(By Street Authority) "Safe" and "mid-cap" probably aren't words investors use together very often, since mid-cap stocks are generally riskier than the stock market as a whole. For instance, if you invested in iShares S&P MidCap 400 Index (NYSE: IJH), an exchange-traded fund (ETF) that tracks the S&P 400 index of medium-size U.S. companies, then you could expect the fund to be about 20% more volatile than the stock market as a whole.
You'd be doing yourself a disservice, though, if you simply wrote off all mid-cap stocks as being more risky, because not all of them are.

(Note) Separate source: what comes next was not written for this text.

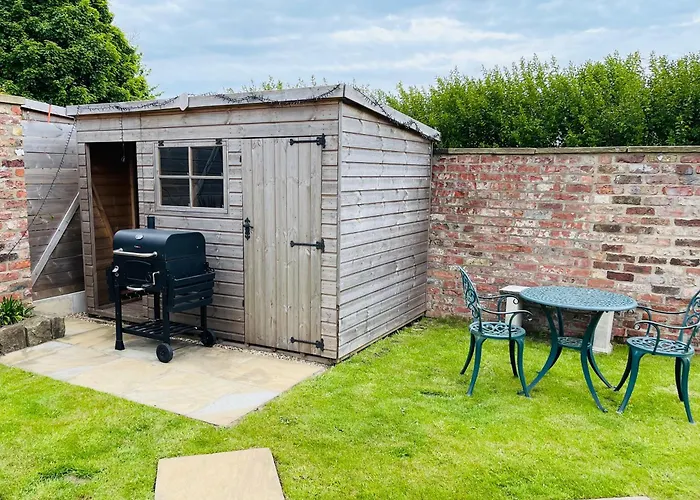Village Barn Conversion Near York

One of my favorites, a well-known toy company that was founded in 1945 and is most famous for making Barbie fashion dolls, is actually 14% LESS volatile than the market.
I'm referring to the world's largest toy manufacturer, Mattel Inc. (Nasdaq: MAT), which also sells toys under successful brands like Fisher-Price, Hot Wheels, Tyco and Match Box. The company had overall revenue of $6.3 billion in 2011, and analysts see it rising by a solid 5% in 2012 to more than $6.6 billion.

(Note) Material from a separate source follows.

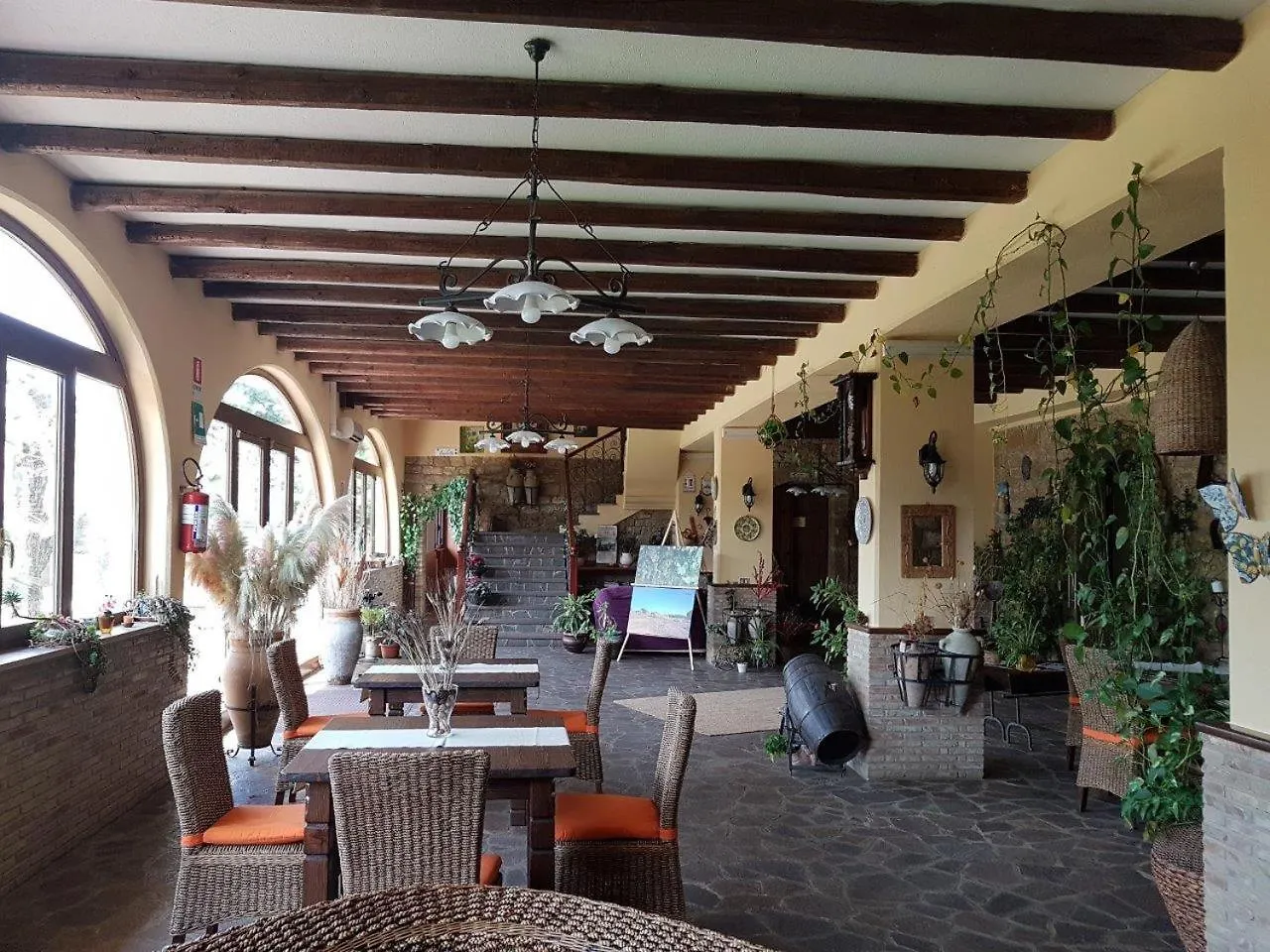 Séjour à la ferme Agriturismo Il Drago Mirabella Imbaccari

Since a healthy dividend is one of the main things that can dampen a stock's volatility, consider Mattel's payout. The stock has a world-class dividend of $1.24 a share, which is good for a yield of about 4% based on the current share prices. So if you held $10,000 worth of Mattel, or around 300 shares, your annual payout would be $372 -- not a bad reward at all for simply holding a stock.
What's more, Mattel's payout has a history of steady growth, rising by 11.5% a year for the past five years and by 8.5% a year for the past decade. The latest increase occurred on Jan.